YOUR GOAL: Skip every picture while you write out the records below, from the first line through the one that contains "Here is my agenda.", both ends kept.

□ □ □ □

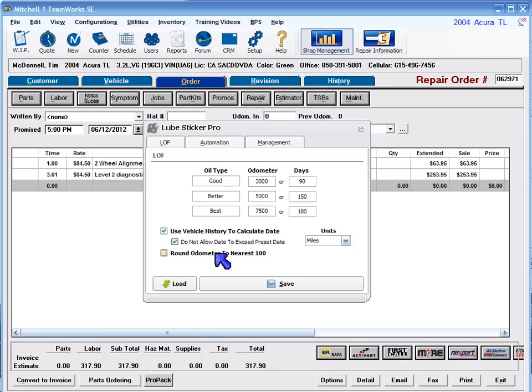Round odometer to nearest 100. This option will round the odometer to the nearest 100, making it easier for your customers to read. Plus, it tends to look neater or more professional on the label itself.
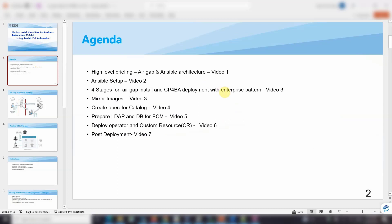Here is my agenda. In the first video, I will introduce the whole process — the air gap install and Ansible — from a high-level briefing. In the second video, I will show you some basic Ansible install procedures like Ansible setup. And in video three, I will show you the first stage of air gap install.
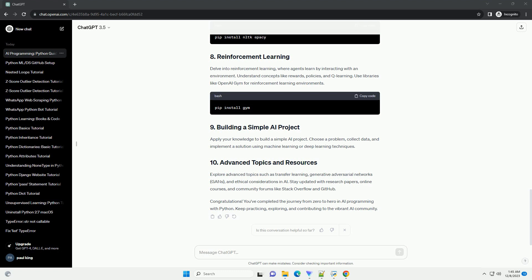Delve into reinforcement learning, where agents learn by interacting with an environment. Understand concepts like rewards, policies, and Q-learning. Use libraries like OpenAI Gym for reinforcement learning environments.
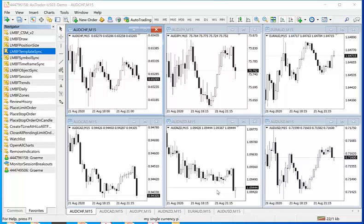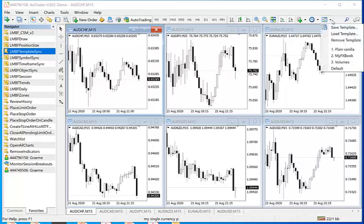In this typical example I have 6 charts open, all for different Australian dollar pairs, and I want to apply a volume template that I have previously set up and saved as a template to all these charts in the same go.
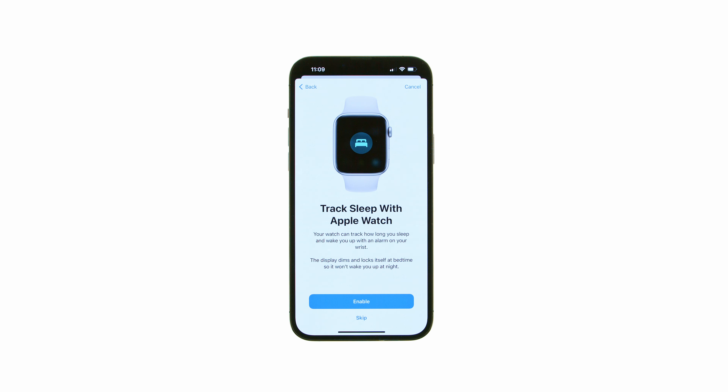If you have an Apple Watch, you can track how long you sleep and wake up with an alarm on your wrist. To enable Apple Watch sleep tracking, press Enable. Otherwise, tap Skip.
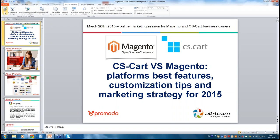Hello everyone, thank you for joining us today for our online session about CS-Cart and Magento marketing. First of all, I would like to make sure that everyone can hear us. If you have any troubles and can't hear us, please type in the chat section on the webinar panel.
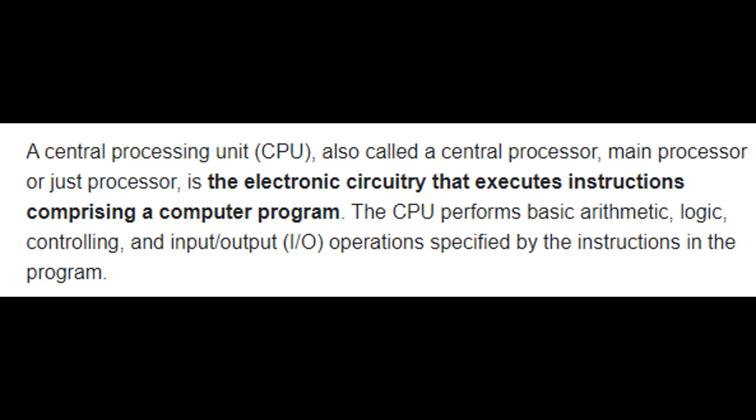A central processing unit, CPU, also called a central processor, main processor or just processor, is the electronic circuitry that executes instructions comprising a computer program.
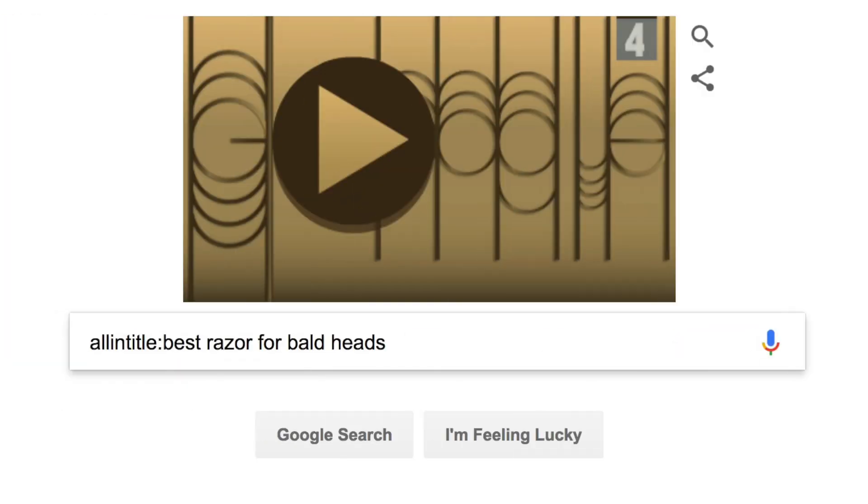The allintitle results are actually pretty easy to find. Allintitle is an advanced Google search command. You just go to the search bar, type in allintitle — all one word — then a colon, and then enter your keyword phrase. Usually it's several words long. You don't use any quotes or anything like that. You just type in allintitle colon and then your search phrase. That's all you have to do.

□ □ □ □

EXERCISE OUTPUT:
Round odometer to nearest 100. This option will round the odometer to the nearest 100, making it easier for your customers to read. Plus, it tends to look neater or more professional on the label itself.
Here is my agenda. In the first video, I will introduce the whole process — the air gap install and Ansible — from a high-level briefing. In the second video, I will show you some basic Ansible install procedures like Ansible setup. And in video three, I will show you the first stage of air gap install.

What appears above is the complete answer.